Saturday, September 15, 2007

SUDDEN DEATH IN CRICKET

Bowl-out......another term added to the cricket lexicon as the Twenty20 World Cup captures our imagination. A slam-bang opening match between West Indies and South Africa, Australia caught napping by Zimbabwe in a thriller, Bangladesh showing West Indies the door and now the India-Pakistan clash bringing bowl-out into public consciousness.

Here's excitement and uncertainty, so lacking in the disaster of a World Cup earlier this year in the longer version of the game (yes, it's time to do unto one-day cricket what ODI did for test cricket). The shorter duration does make it more of a level-playing field, as weaker sides don't have a mountain to climb and can topple a bigwig in a short burst.

It may be more of entertainment and less of cricket, more of power and less of elegance, more of instant action and less of endurance - in short, hit and giggle cricket, with a penalty shootout thrown in. But the bottomline is - it's quick-fix viewer-friendly entertainment and takes away the predictability of a 50-over match in the middle overs, with the field spread out and the batsmen ekeing out singles.

As India and Pakistan sparred in the bowl-out, it was just like a France vs Italy World Cup final or the India vs Australia final in Chak De India. The one difference, nobody to block the ball from hitting the stumps, like a goalkeeper in hockey or football.
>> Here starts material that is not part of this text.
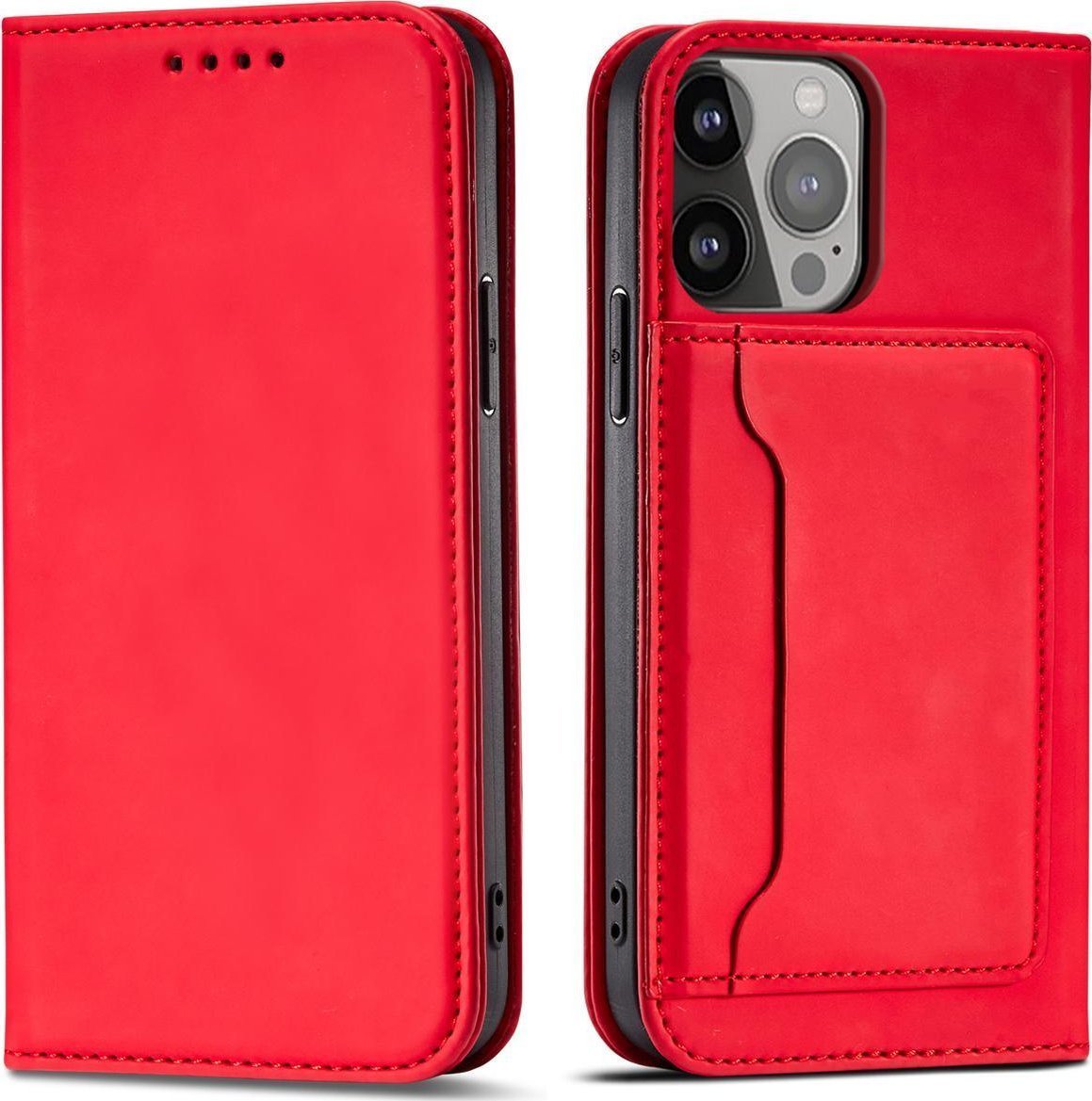 Hurtel Magnet Card Case etui do iPhone 13 Pro Max pokrowiec portfel na karty kartę podstawka czerwony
It seemed like a weird joke at first glance, but an enjoyable one.

Only that the joke is on all the three Pakistan bowlers who failed to knock down a set of open stumps. It's no consolation, but those who shied at the stumps in the only other bowl-out instance fared worse. Shockingly in the 2006 clash between New Zealand and West Indies, the first six bowlers - 12 balls - failed to record one strike.